We hastily layered up and attached our optics to their respective tripods, anticipating a wait for the bear to reappear. No sooner, and with the naked eye, I caught movement in the creek bottom. “I GOT EM” I said, as loudly as I could mutter under my breathe. We had the wind and the cover that we needed to make the final move. It was time to close the distance. I yanked my rifle out of my quick release sling, slung my pack and started to close the distance. In no time flat, we had cut off 350 yards and found a flat shooting spot. 450 yards, a perfect shooting position and little to no wind made for a comfortable situation. Brandon and Zack set up optics while I ranged, dialed my turret and built a rear rest. The bear eventually came into the open, turned broadside and then slightly quartering away. All systems go. I acquired the sight picture I had been visualizing, leveled my rifle and started to apply pressure to the trigger. The rifle barked, recoiled and I watched through the scope as the bullet found its mark.

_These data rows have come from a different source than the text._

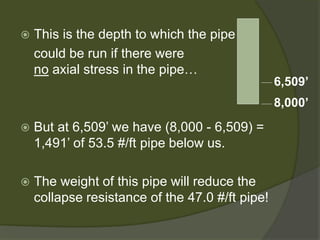  
This is the depth to which the pipe 
could be run if there werenoaxial stress in the pipe… 
 
But at 6,509’ we have (8,000 -6,509) = 1,491’ of 53.5 #/ft pipe below us. 
 
The weight of this pipe will reduce the collapse resistance of the 47.0 #/ft pipe! 
8,000’ 
6,509’  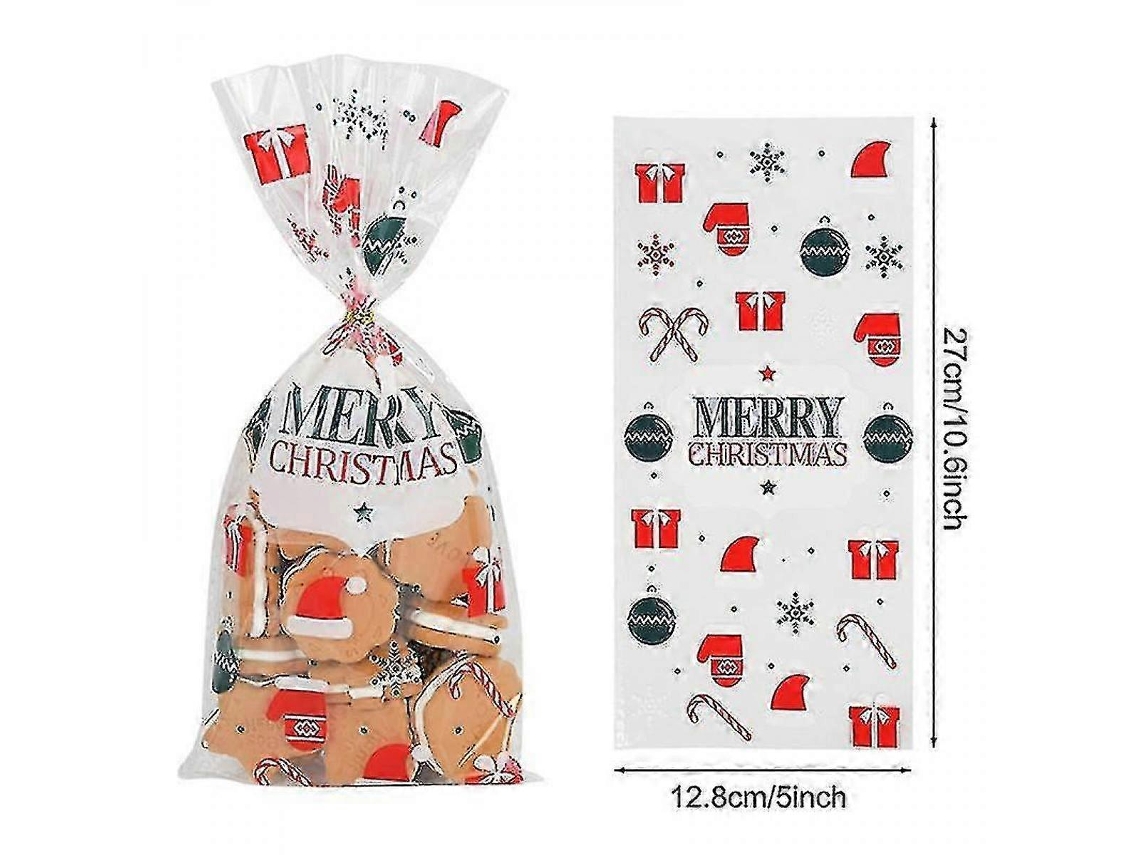 Sacos De Presente Pvc Transparente,50 Unidades, Dimensões 10.6x5 Polegadas, Para Embalar Doces No Natal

That bear made it 30 yards on a dead run before expiring and coming to rest a few hundred yards downhill.

We celebrated the against the odds success and made our way over to the bruin. He was awesome, mature and had a distinct white patch on his chest. We took photos and proceeded to skin and quarter the bear, as a team. Many hands make light work. We loaded our Stone Glacier packs and bee lined for the truck. We arrived at the second truck just after dark, dumped our heavy packs and soaked in the spring bear season success.